In [None]:
# This Python 3 environment comes with many helpful analytics libraries installed
# It is defined by the kaggle/python Docker image: https://github.com/kaggle/docker-python
# For example, here's several helpful packages to load

import numpy as np # linear algebra
import pandas as pd # data processing, CSV file I/O (e.g. pd.read_csv)

# Input data files are available in the read-only "../input/" directory
# For example, running this (by clicking run or pressing Shift+Enter) will list all files under the input directory

import os
for dirname, _, filenames in os.walk('/kaggle/input'):
    for filename in filenames:
        print(os.path.join(dirname, filename))

# You can write up to 20GB to the current directory (/kaggle/working/) that gets preserved as output when you create a version using "Save & Run All" 
# You can also write temporary files to /kaggle/temp/, but they won't be saved outside of the current session

In [None]:
dfori = pd.read_csv('/kaggle/input/imdb-review-dataset/imdb_master.csv')
df = dfori.copy()
df = df.drop(['Unnamed: 0', 'type', 'file'], axis = 1)
df

We just want to focus on the review and its original label.
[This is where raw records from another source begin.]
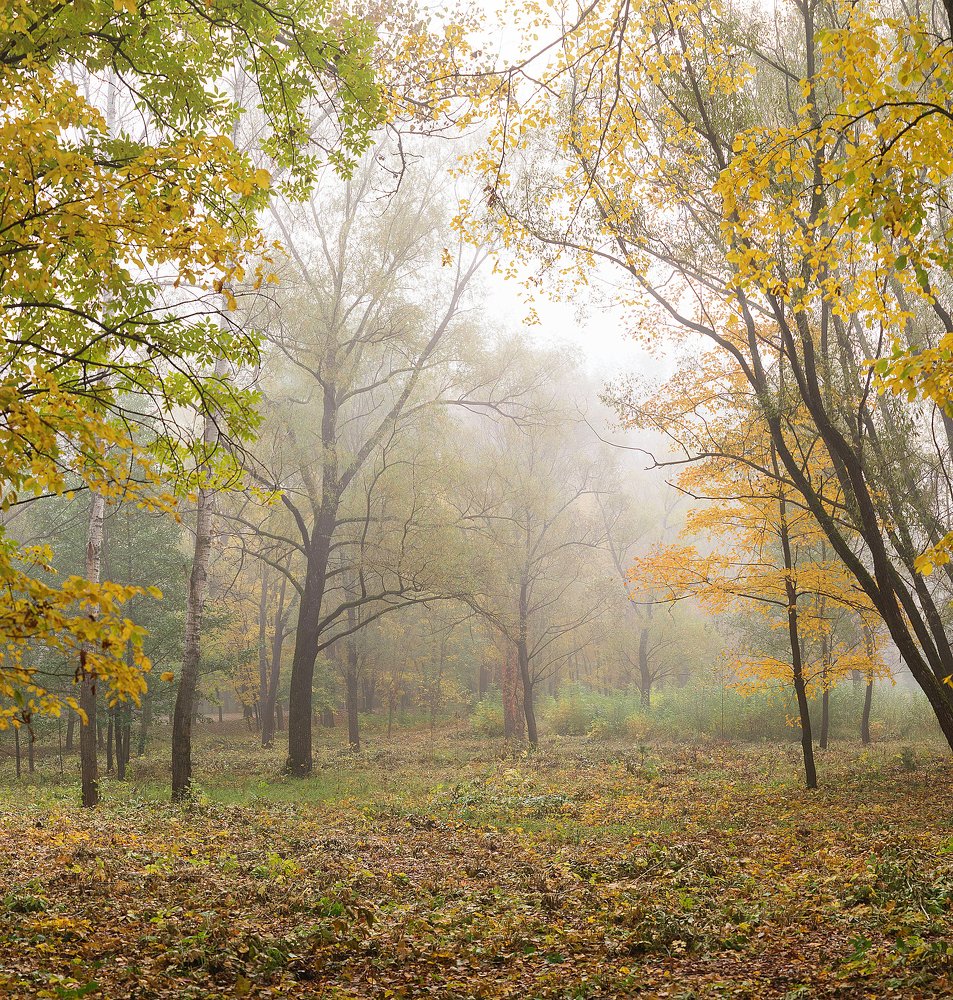 Photograph by Максим А.О.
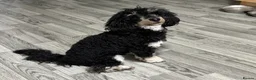 Toy Poodle dogs for sale: male toy poodle  in Southampton - Advert 3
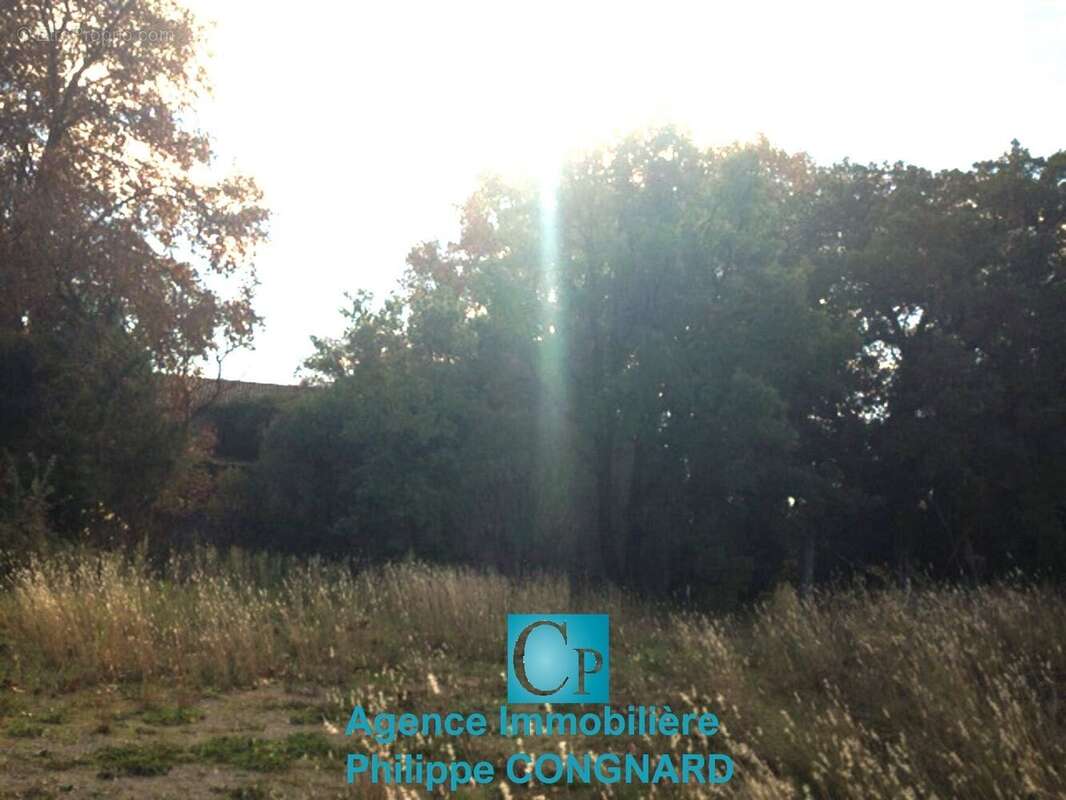 Photo 9 - Appartement à COLOMBIERS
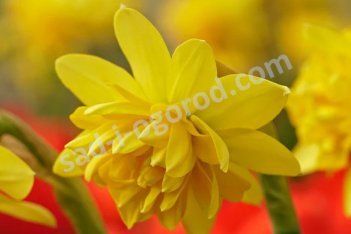 Нарцисс махровый Тет Букле Narcissus Tete Bouclé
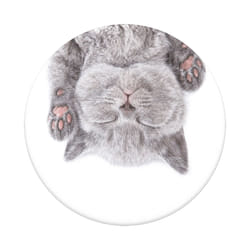 PopSockets Cat Nap Support passif Lecteur e-book, Mobile/smartphone, Tablette / UMPC Multicolore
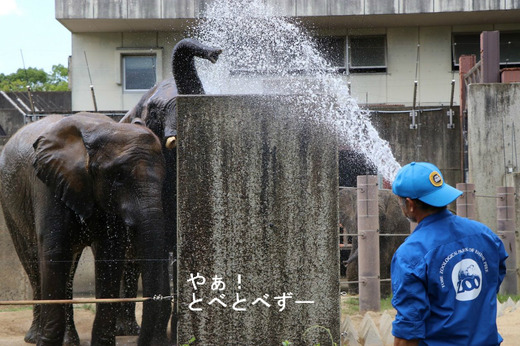 NHK「アフリカゾウの家族をつくる」に登場の椎名さん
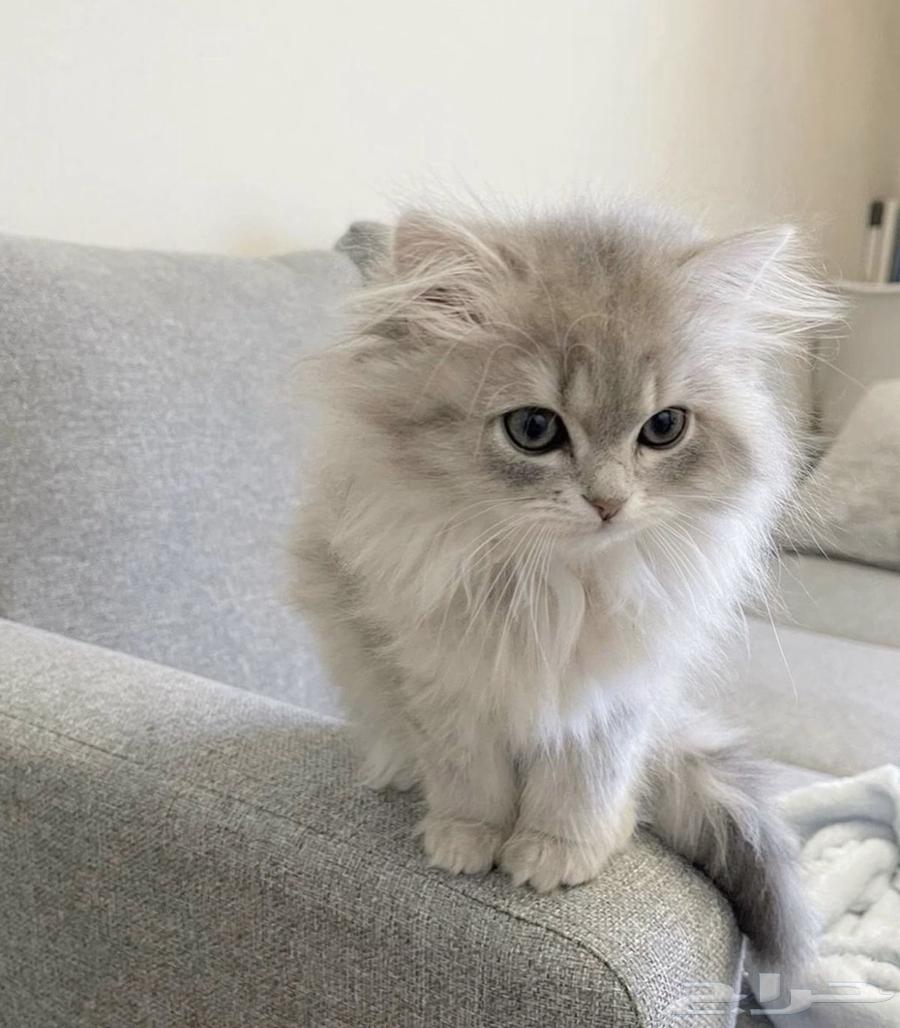 قطه للبيع64379268012675110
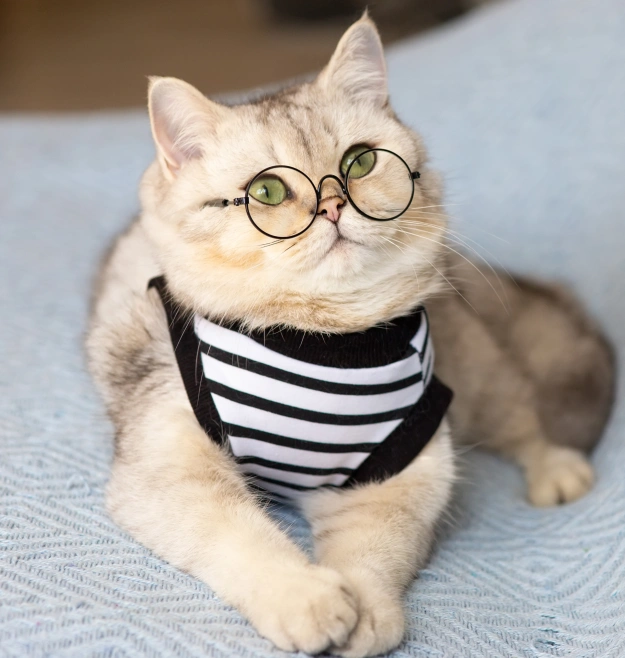Senior Cat Care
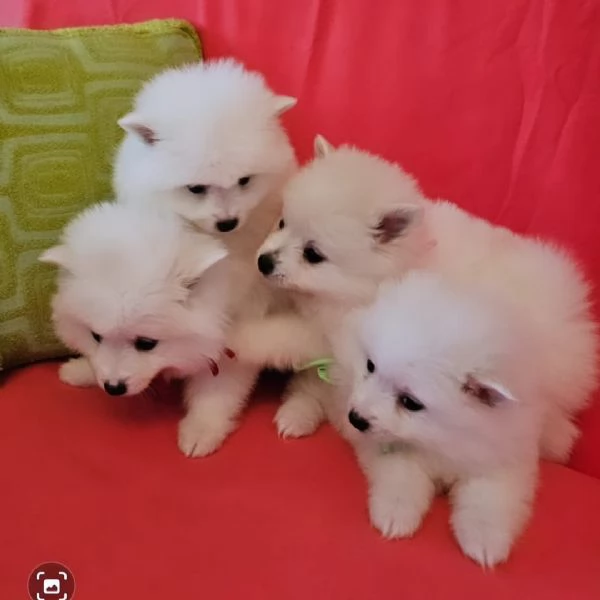 Cuccioli di volpino italiano 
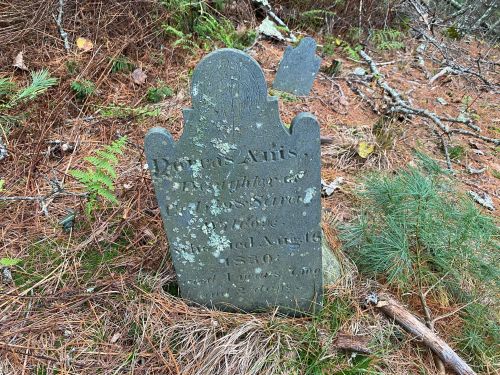 A weathered gravestone partially obscured by pine needles and ferns, inscribed with the name and dates of the deceased.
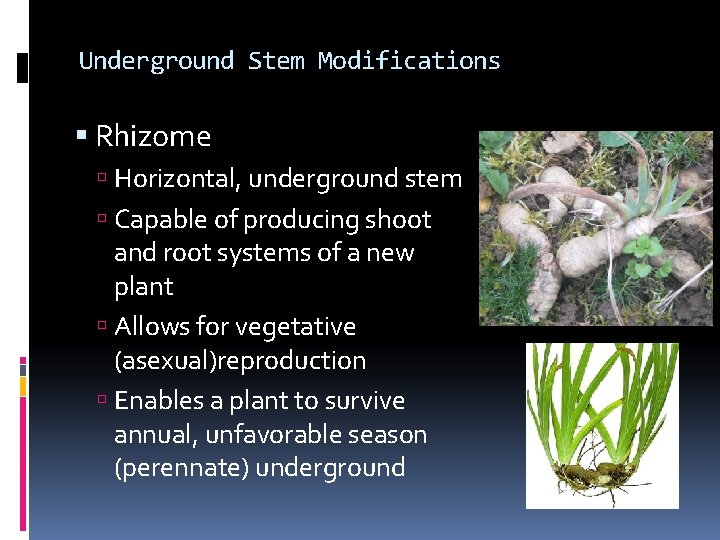 Underground Stem Modifications Rhizome Horizontal, underground stem Capable of producing shoot and root systems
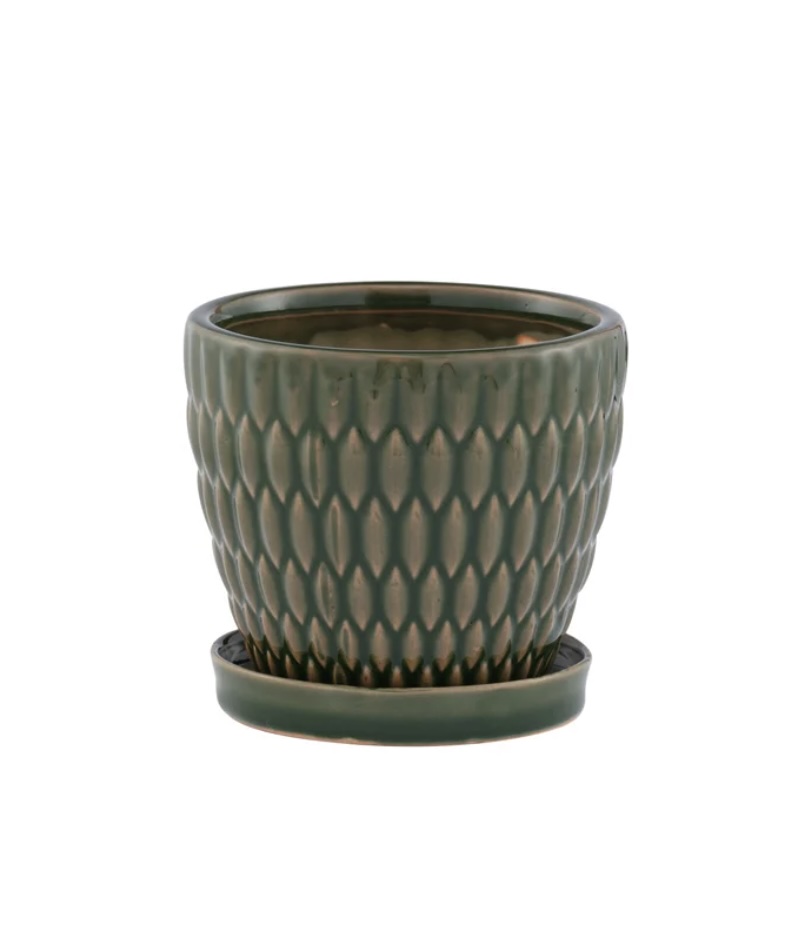 Green Embossed Ovals Planter with Saucer 4.5"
What are the labels?

In [None]:
df['label'].value_counts()

For simplicity, let's just remove the unsup.

In [None]:
df = df[df['label'] != 'unsup'] # see only pos/neg
df['label'].value_counts() # updated df

# Preprocessing using CountVectorizer

In [None]:
from sklearn.feature_extraction.text import CountVectorizer
cv = CountVectorizer(stop_words = 'english')

dtm = cv.fit_transform(df['review'])

## Justify X and Y variables

Because this is semi supervised, we have dependent and independent variables.

In [None]:
x = dtm # this is the dtm
y = df['label']

# Train and Predict
Let's try using Random Forest Classifier.

In [None]:
from sklearn.model_selection import train_test_split
x_train, x_test, y_train, y_test = train_test_split(x, y, random_state = 1)

from sklearn.ensemble import RandomForestClassifier
rfc = RandomForestClassifier()

# Train
rfc.fit(x_train, y_train)

# Predict
y_pred = rfc.predict(x_test)

# Evaluation

In [None]:
from sklearn.metrics import confusion_matrix, f1_score, accuracy_score, classification_report
print(confusion_matrix(y_test, y_pred))
print(" ")
print(accuracy_score(y_test, y_pred))
print(" ")
print(classification_report(y_test, y_pred))

# Conclusion

Using Random Forest Classification, we can infer that the sentiment analysis using text classification results in about 85% accuracy.

# Sentiment Analysis using NLTK SIA Compound Score

The above method is for supervised learning. Now, we'll try the unsupervised learning by NLTK VADER method for Sentiment Intensity Analyzer.

In [None]:
# Importing the NLTK Library, Vader Lexicon, Sentiment Intensity Analyzer (SIA)
import nltk
nltk.download('vader_lexicon')
from nltk.sentiment.vader import SentimentIntensityAnalyzer
sia = SentimentIntensityAnalyzer()

# Create new column for the SIA Score
df['score'] = df['review'].apply(lambda x: sia.polarity_scores(x))

# Create new column for the final SIA Compound Score
df['compound'] = df['score'].apply(lambda x: x['compound'])

# Display the new df
df

* Now, compound score indicates whether a comment tends to be positive (>0) or negative(<0). 
* We can see from the above dataframe that in some rows, the compound score does not reflect the 'true' label.
* However, SIA has been more than capable of at least guessing the last five columns.